*PROBLEM TO SOLVE:* From the line that contains "Download Hy-Vee Quad-Cities" down to the last line of the data below, restate every line word for word, skipping any images.

Data excerpts:
>>>>>
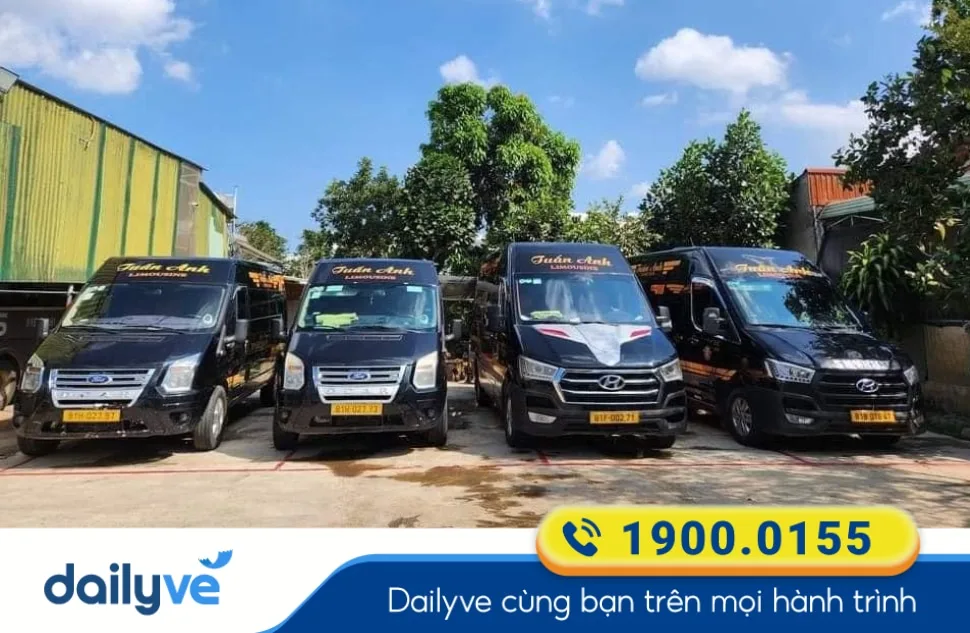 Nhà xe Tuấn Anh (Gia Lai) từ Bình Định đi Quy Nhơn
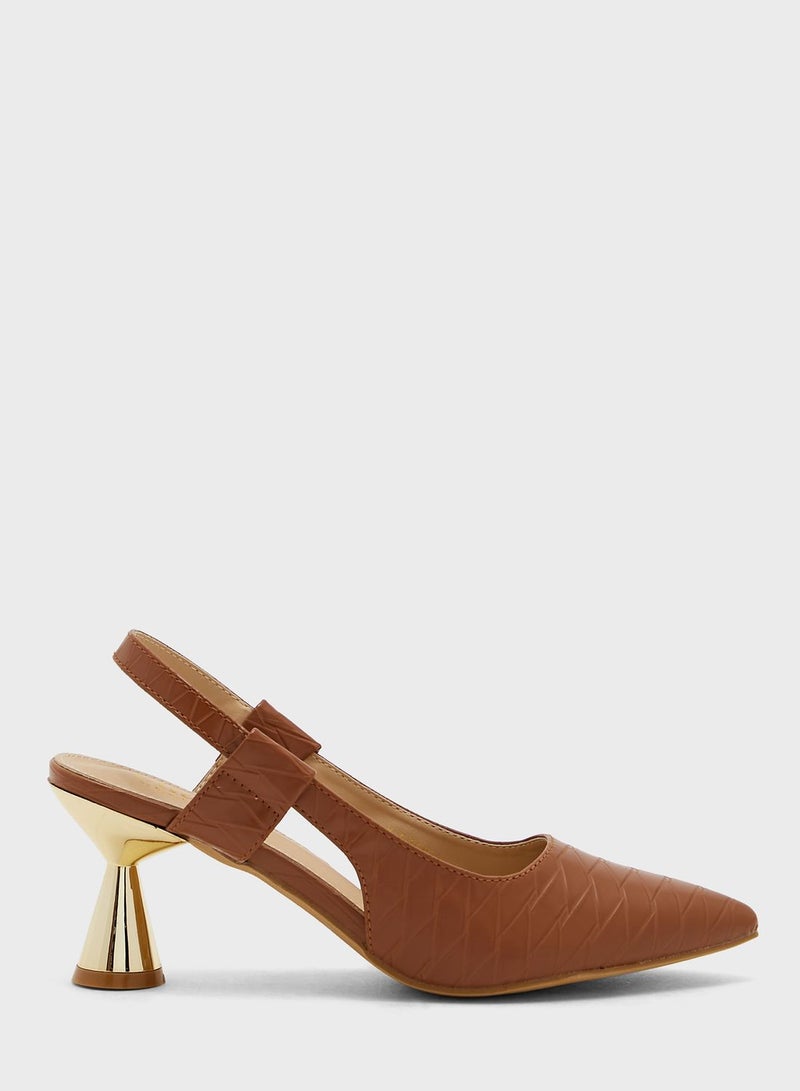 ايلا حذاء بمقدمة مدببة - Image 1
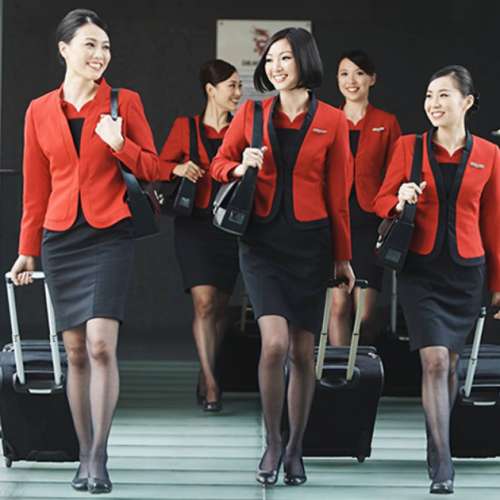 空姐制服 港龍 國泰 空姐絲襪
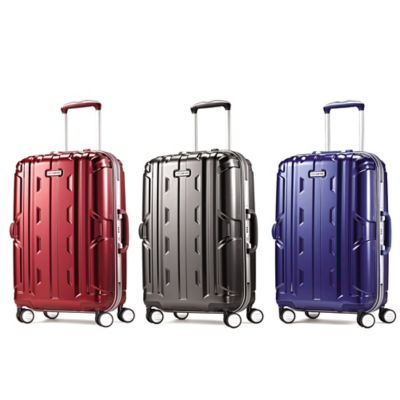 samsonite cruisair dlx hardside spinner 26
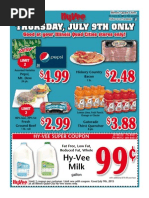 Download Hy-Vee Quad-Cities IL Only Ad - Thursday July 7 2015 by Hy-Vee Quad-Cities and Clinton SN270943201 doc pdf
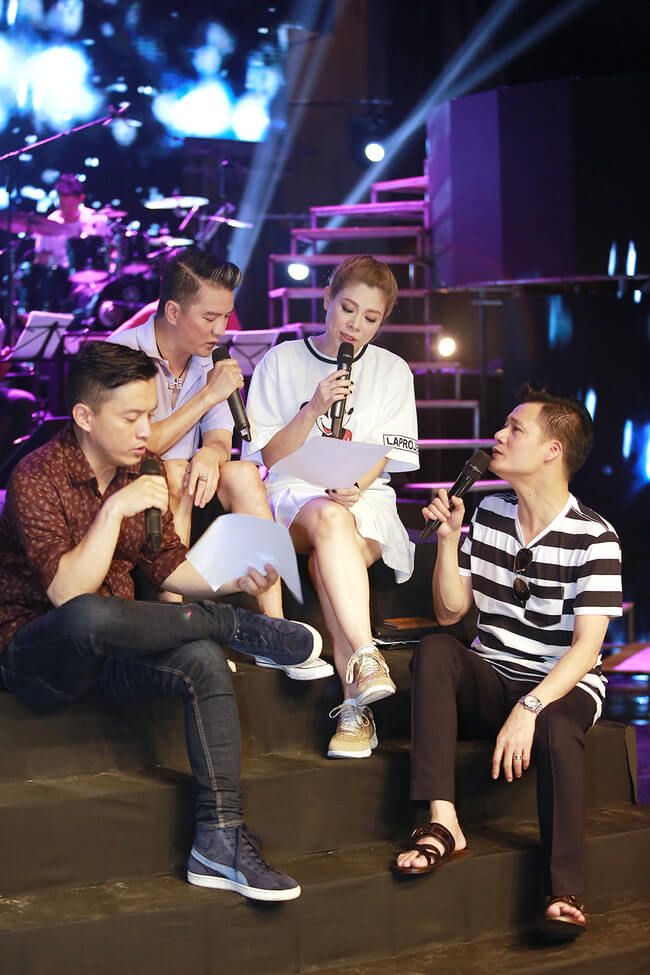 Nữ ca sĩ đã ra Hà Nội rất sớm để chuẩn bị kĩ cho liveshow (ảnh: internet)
<<<<<
*SOLUTION TO THIS EXERCISE:*
 Download Hy-Vee Quad-Cities IL Only Ad - Thursday July 7 2015 by Hy-Vee Quad-Cities and Clinton SN270943201 doc pdf
 Nữ ca sĩ đã ra Hà Nội rất sớm để chuẩn bị kĩ cho liveshow (ảnh: internet)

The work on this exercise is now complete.